Friday, September 03, 2004

"Love is a flower
Best left unpicked
By the hand of mortal man"
He said to me
One autumn evening
By the pillar of fire and ice.
With a heart that keeps on beating,
He shows of lovers cheating,
Of death most foul and dark,
Thus falls the chirping lark -
Then, a silence falls upon the hill
A spirit weeps a sea of tears
And we watch in agony
Until the mad hatter
Makes us forget
While days become years
Till one day we see again
The pictures on our walls
That decorate these halls
Most hallowed
And before we are allowed
To think too deep
We must depart
To the final sleep.




Normally, I hate poems like this, but this one's different, because it's by me. I don't know whether this is autobiographical or not, probably not, but must I analyze everything? I wonder which poets I have ripped off this time (oh how I wish I were just joking!).

3 comments:

Jenny said...

only poet reference I noticed was frost (I suck eh? meh)

was this:

And before we are allowed
To think to deep
We must depart

supposed to be this:

And before we are allowed
To think too deep
We must depart

?

AKM said...

Ah, indeed, that was a typo, thanks Miss Zhu :)

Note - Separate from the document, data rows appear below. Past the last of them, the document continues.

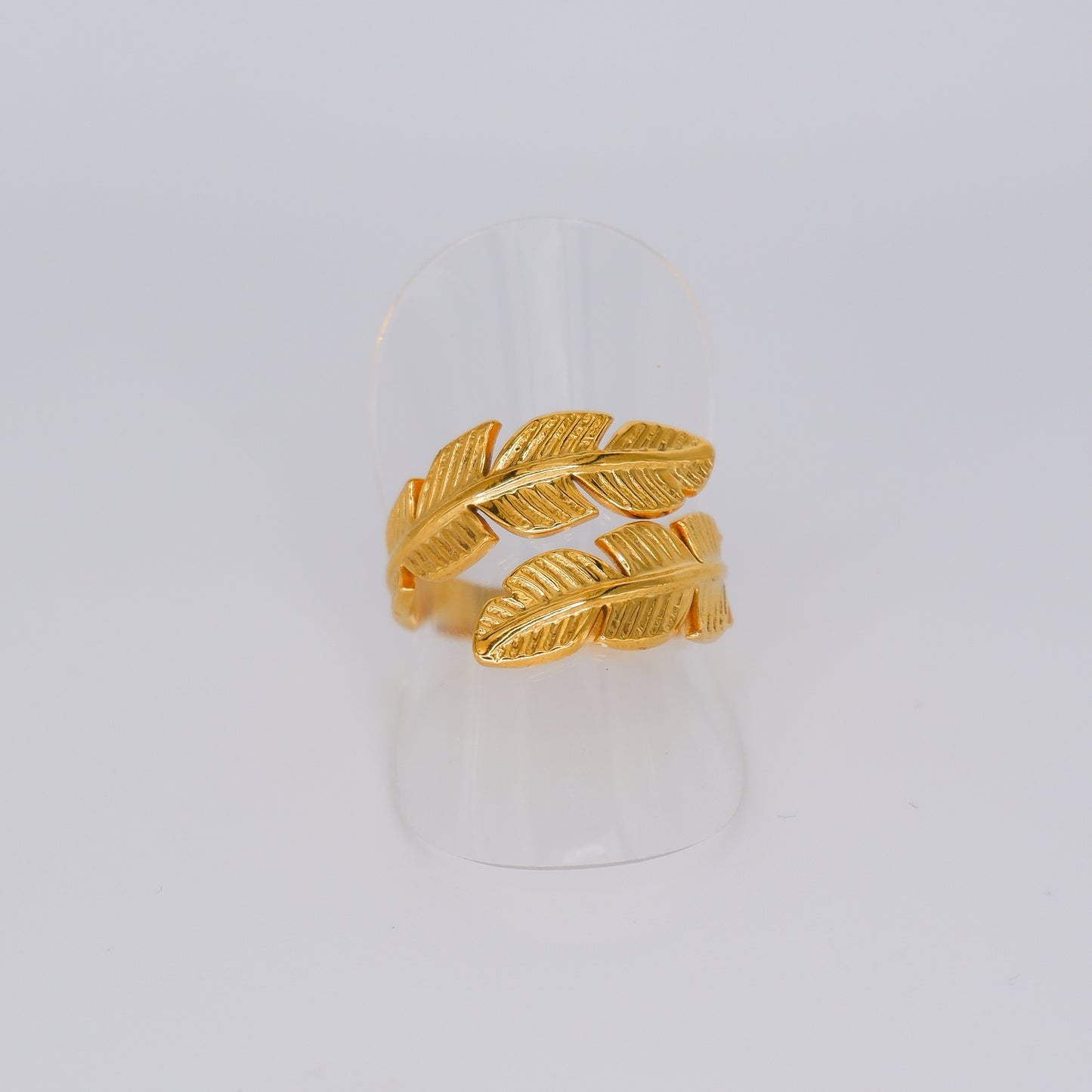 Anel Ajustável Dourado Folhas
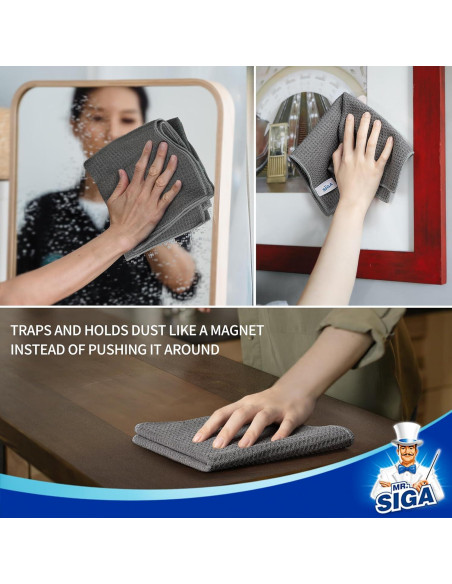 Paños de Limpieza MR.SIGA Microfibra Reutilizables 32x32cm Gris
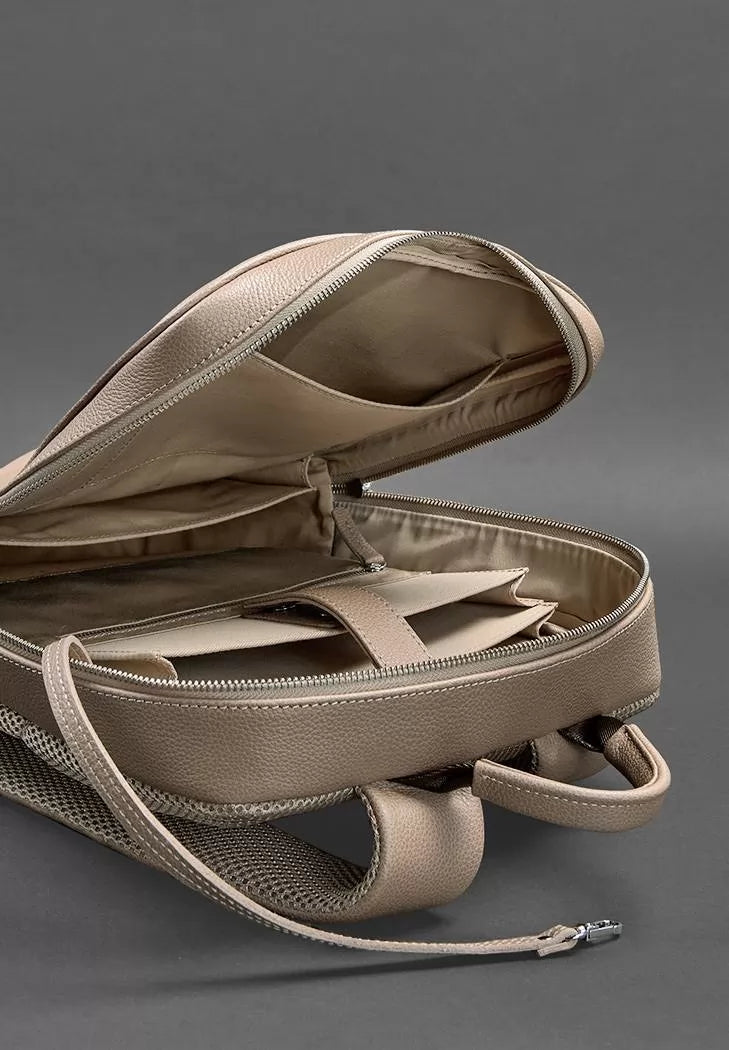 Light beige leather women's backpack Foster 1.0 - BN-BAG-39-crem-brule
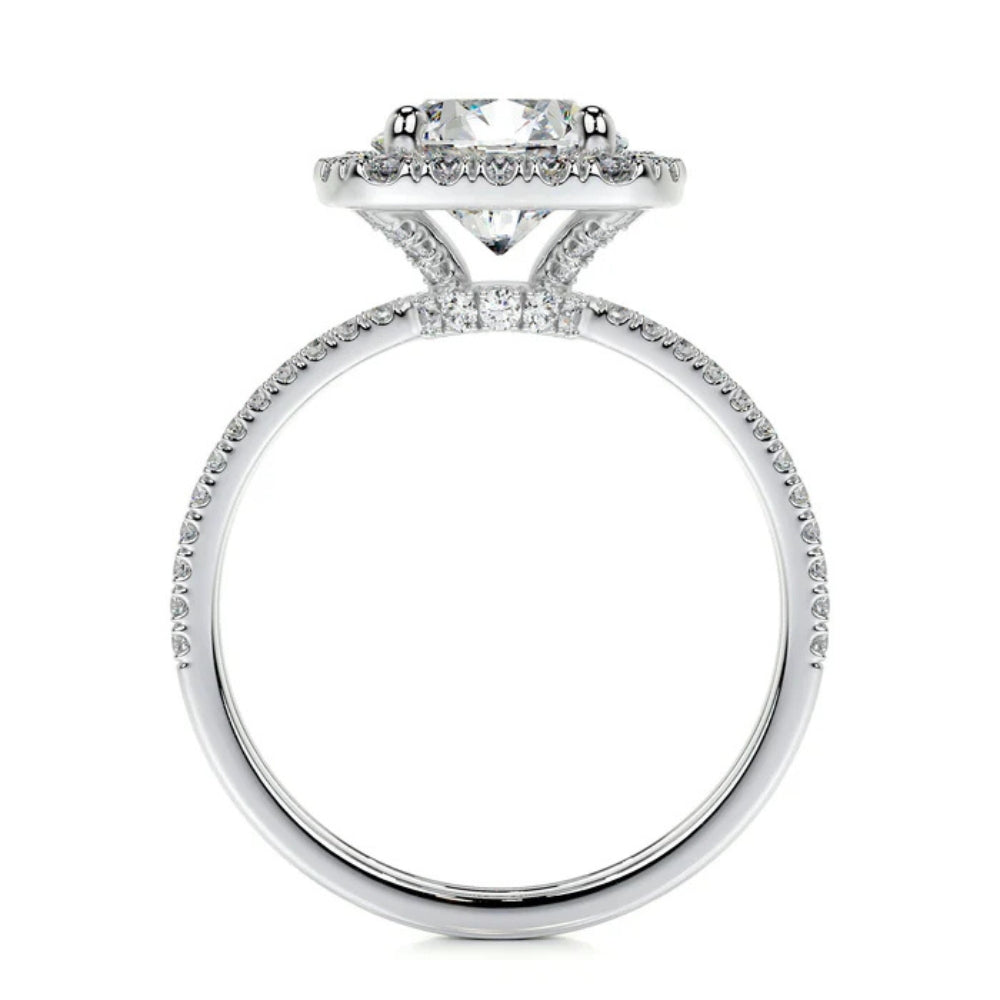 Moissanite Round Cut Hidden Halo Wedding Ring Set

This poem is a bit more focussed, although I don't know how it goes from love to memory, time, and death. I think I was thinking about memories a lot that day, and time was added on as a vague reference to Eyeless In Gaza I think. I believe there was a line in the book about the mad jester shuffling cards and randomly dealing them out, and that represented how we remember things from the past.

Jenny said...

we remember things from the past in such a way? I thought we didn't store memories..

here's what I assume (based on agreeing with parts of my cognitive psyc lecturer and disagreeing with other parts.. lots of disagreeing actually)

we store very little but this small amount that we do remember is recalled when we use our basal ganglia (is that the right section? I can't remember if it is.. :() to reconstruct our 'memories'. usually we can create our past in our mind accurately enough to make us feel as though our idea of reality.. IS.